Dopotutto è questo il senso del suo ultimo intervento. Dove anzitutto c’è l’impegno a non sciogliere le Camere, nemmeno se il governo andasse in crisi. Una promessa per fatto altrui, direbbero i giuristi. Perché la prosecuzione della legislatura dipende principalmente dai partiti. Certo, lo scioglimento anticipato è un potere individuale del capo dello Stato. Ma sta di fatto che 10 volte su 11 (l’eccezione fu Scalfaro nel 1994) si è trattato piuttosto di un autoscioglimento, deciso dalle forze politiche e timbrato poi dal Quirinale. D’altronde, che accadrebbe se il Pdl revocasse la fiducia a Letta? O i grillini s’acconciano a formare un governo col Pd (ma loro l’hanno escluso) oppure è la paralisi, lo stallo. Dunque le elezioni, benché Napolitano non le voglia, benché in questi frangenti dovrebbe averne orrore chiunque abbia qualche grammo di sale nella zucca.

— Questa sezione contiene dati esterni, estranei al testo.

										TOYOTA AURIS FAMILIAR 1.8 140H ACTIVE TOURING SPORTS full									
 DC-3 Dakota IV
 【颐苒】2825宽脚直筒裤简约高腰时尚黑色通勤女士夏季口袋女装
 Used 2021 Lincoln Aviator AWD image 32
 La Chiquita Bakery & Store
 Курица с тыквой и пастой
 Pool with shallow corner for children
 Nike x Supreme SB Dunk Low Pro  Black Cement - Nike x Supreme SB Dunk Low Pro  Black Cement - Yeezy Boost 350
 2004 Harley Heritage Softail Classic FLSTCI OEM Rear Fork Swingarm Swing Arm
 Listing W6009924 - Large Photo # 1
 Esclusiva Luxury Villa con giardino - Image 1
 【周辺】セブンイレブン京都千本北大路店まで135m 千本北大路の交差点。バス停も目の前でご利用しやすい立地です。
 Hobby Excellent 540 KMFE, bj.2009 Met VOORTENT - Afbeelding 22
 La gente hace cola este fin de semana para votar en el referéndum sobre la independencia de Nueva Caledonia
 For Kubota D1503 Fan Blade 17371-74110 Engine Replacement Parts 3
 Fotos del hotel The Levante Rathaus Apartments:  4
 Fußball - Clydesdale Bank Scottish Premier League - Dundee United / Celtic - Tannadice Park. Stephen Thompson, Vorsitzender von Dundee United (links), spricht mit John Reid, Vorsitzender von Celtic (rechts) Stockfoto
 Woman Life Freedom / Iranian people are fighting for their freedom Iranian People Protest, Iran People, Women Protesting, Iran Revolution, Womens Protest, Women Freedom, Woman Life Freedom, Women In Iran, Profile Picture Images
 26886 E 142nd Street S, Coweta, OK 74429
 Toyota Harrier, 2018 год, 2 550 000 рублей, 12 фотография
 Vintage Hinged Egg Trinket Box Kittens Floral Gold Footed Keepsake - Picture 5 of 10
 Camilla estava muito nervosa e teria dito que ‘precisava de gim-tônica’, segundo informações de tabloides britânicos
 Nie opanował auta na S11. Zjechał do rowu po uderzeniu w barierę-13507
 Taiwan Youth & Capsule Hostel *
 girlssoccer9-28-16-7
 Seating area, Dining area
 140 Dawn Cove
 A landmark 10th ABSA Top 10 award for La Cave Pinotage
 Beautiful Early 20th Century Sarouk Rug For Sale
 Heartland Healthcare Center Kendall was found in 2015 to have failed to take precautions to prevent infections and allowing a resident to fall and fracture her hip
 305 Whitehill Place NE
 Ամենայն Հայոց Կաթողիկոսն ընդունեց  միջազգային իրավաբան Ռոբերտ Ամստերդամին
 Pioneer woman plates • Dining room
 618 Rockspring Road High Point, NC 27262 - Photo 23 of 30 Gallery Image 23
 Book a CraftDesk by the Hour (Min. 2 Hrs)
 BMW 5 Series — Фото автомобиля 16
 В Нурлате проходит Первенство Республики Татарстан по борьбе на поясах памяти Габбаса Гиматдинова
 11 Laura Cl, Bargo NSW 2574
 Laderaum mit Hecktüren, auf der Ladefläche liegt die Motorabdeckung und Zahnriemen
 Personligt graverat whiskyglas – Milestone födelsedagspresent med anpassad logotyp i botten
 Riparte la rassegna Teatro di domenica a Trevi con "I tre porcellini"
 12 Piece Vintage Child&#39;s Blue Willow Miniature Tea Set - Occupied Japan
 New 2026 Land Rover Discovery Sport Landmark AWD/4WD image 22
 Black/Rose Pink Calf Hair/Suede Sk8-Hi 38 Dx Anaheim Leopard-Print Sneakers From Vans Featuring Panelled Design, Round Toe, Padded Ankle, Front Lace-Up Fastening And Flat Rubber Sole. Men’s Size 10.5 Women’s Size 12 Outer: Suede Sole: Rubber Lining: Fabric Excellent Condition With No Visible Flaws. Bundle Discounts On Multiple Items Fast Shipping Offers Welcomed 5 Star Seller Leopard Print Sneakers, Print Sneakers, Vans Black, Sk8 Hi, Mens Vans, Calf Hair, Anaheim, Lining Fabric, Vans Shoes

Muove da qui il nesso fra la disgrazia dell’Italia e la grazia a Berlusconi. Un male minore per scongiurare il male maggiore, secondo la dottrina di Sant’Agostino. Napolitano si è limitato ad evocarla, senza firmare cambiali. Ha dichiarato che finora Berlusconi non ne ha fatto richiesta, mentre per prassi occorre una domanda dell’interessato. Ha taciuto sugli altri suoi processi in corso, che peraltro allo stato sono irrilevanti, perché vige la presunzione costituzionale di non colpevolezza. Ha ricordato i dettami della Consulta, le competenze del ministro della Giustizia, gli adempimenti processuali che ancora mancano dopo il verdetto della Cassazione. Ma soprattutto ha girato i vincoli giuridici della grazia in altrettanti vincoli politici, in adempimenti pubblici dell’illustre condannato.
Quali? Intanto che richiami all’ordine i suoi cortigiani, quando usano (e li usano) toni sguaiati verso il Colle. Che il Pdl si rimangi la minaccia delle dimissioni collettive dal Parlamento. Che continui lealmente a sostenere l’esecutivo in carica. Che smetta di sferrar cazzotti alla magistratura. Che in conclusione Berlusconi accetti questa sentenza sfavorevole, chiedendo semmai — a voce bassa, e con tutta l’umiltà del caso — un provvedimento di clemenza al capo dello Stato. L’ordinamento giuridico italiano pretende che il condannato si ravveda, per premiarlo con la grazia. Un ravvedimento interiore, spirituale. Ma Berlusconi è un leader politico, e Napolitano s’aspetta perciò da lui anche un ravvedimento politico.